A new obsession

Picture this: middle of July, a warm sunny day relaxing on the beach with a few friends. Adele, a friend of mine, takes out a Sudoku magazine from her purse. It catches my eye, and I immediately ask her:

“Hey Adi¹, does it have Kropkis?”

“Of course it does!” she smirks at me.

Kropkis are a recent drug for us. They are a variant of Sudoku with the addition that between each pair of neighboring cells there may be a dot, either white or black².

If the dot is black, it means that the values in the cells must be one the double of the other, while if it is white it means that the values must be consecutive (in either order). If no dot is present, it means the values are neither doubles nor consecutives.

After solving the only two Kropkis in the entire magazine, she tells me: “It’s a pity there aren’t any other Kropkis in here.”

To which I replied: “You know, I could write a program that generates them…” 😉

Tackling the problem

We don’t have a direct way of building Kropkis (by “direct way” I mean a formula or a specific algorithm). One way to get around this is to search for a Kropki solution and then to minimize the number of hints to have a playable Kropki.

Note that minimizing the number of hints has to account for uniqueness: we don’t want a Kropki that has multiple solutions! 🙂

What about Sudokus?

Here I’m talking about Kropkis, but the strategy outlined above works just as well for Sudokus!

The only difference between Sudoku generation and Kropki generation is how we check for uniqueness: hints are sufficient for Sudokus, while in Kropkis we have to add the dot constraints from the original solution.

Searching for a solution

From a mathematical point of view, the problem of generating a Kropki solution can be thought of a kind of Constraint Satisfaction Problem (CSP). In a CSP you have a set of variables, $x_1, \dots, x_n$ , each with a domain of possible values $D_1, \dots, D_n$ , and you want to find a value for each variable that is inside the respective domain and satisfies some constraints $f_1(x_1), \dots, f_n(x_n)$ . We can collectively call the collection of variables, domains and constraints $(\mathbf{x}, \mathbf{D}, \mathbf{f})$ a model for a particular problem (I know this is very abstract, we’re going back to Kropkis very soon).
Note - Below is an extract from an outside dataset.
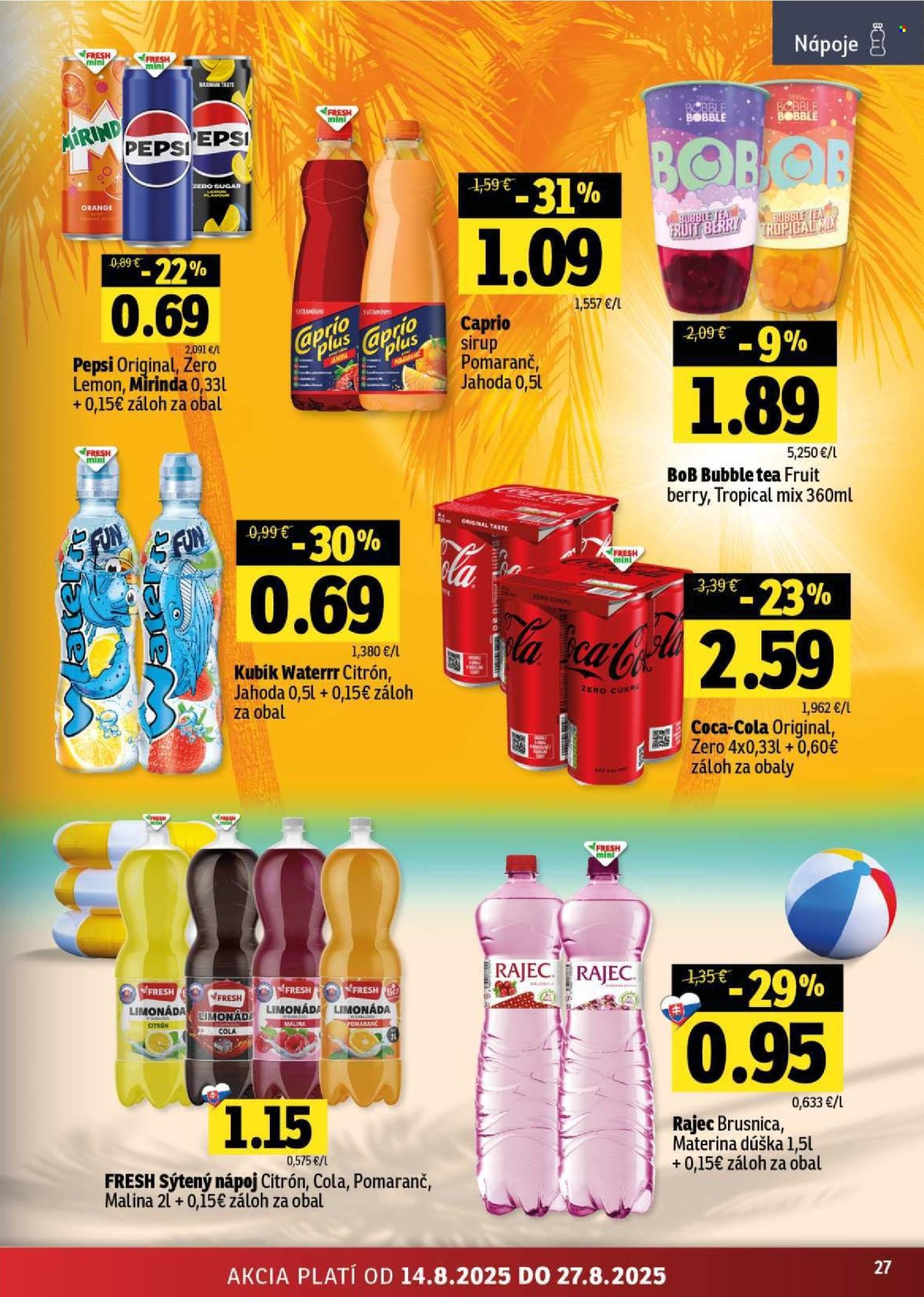 Leták FRESH - 14.8.2025 - 27.8.2025. Strana 27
Generally speaking, for a given problem you can produce many different models (it largely depends on the meaning you assign to variables). For Kropkis, we can encode the problem of finding a solution with the following model:

\begin{align*} S &= {0, 1, \dots, 8} \\ \\ V &= {1, 2, \dots, 9} \\ \\ x_{ij} &\in V \quad \forall i, j \in S \\ \\ x_{ij} &\neq x_{ik} \quad &\forall i, j, k \in S, \;j \neq k \tag{1} \\ \\ x_{ji} &\neq x_{ki} \quad &\forall i, j, k \in S, \;j \neq k \tag{2} \\ \\ x_{st} &\neq x_{uv} \quad &\forall s = 3k + i, \tag{3} \\ && u = 3k + j, \\ && t = 3l + m, \\ && v = 3l + n, \\ && (i, m) \neq (j, n), \\ && i, j, k, l, m, n \in \{0, 1, 2\} \\ \end{align*}

I know, it looks like gibberish. But this compact and elegant gibberish contains all the information we need to define what a Kropki is.
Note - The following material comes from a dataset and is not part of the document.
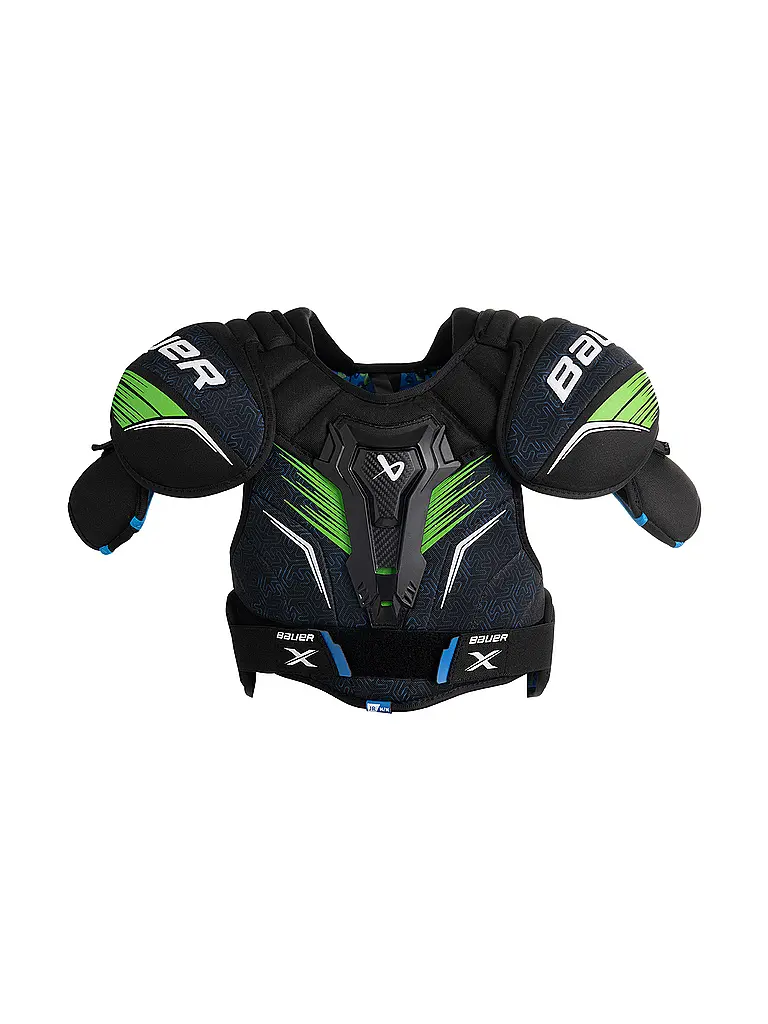 BAUER | Kinder Eishockey Schulterschutz X 2.0 | Schwarz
Translated back into English, the model says the following:

We have a set $S$ of coordinates (starting from zero because I’m a software engineer)
We have a set $V$ of possible values (1 to 9)
We have a variable $x$ that contains our solution
Constraint $(1)$ says that for each row $i$ all values must be different (note that $x_{ij}$ stands for “the value at coordinate with row $i$ and column $j$ ”)
Constraint $(2)$ says that for each column $i$ all values must be different
Constraint $(3)$ says that for each block all values must be different. The trick is correctly encoding what a block is with indices, and you can convince yourself that the above equations work with the following diagram, where a single block is effectively identified by a pair of indices $(k, l)$ :

This is how mathematically a Kropki solution is defined. It’s the same as the set of rules you can find in any magazine, just not in English 🙃. Note that the model did not mention anything about the dots, because every Sudoku solution is a Kropki solution. The dots are just “cosmetic” and do not alter the solution landscape in any significant way.

Dots and solutions

Note that the fact that dots do not alter the model is true only because we are interested in any Kropki solution.

If we were looking for a solution to a specific Kropki, we would need to encode the various value constraints (e.g. “cell at $(1, 2)$ has value 8) as well as dot constraints (e.g. “there is a black dot between cells at $(2, 3)$ and $(2, 4)$ ”), and we would have a different model.

Once we do have a model, we can just write a program for a CSP solver and ask for a solution. Easy peasy!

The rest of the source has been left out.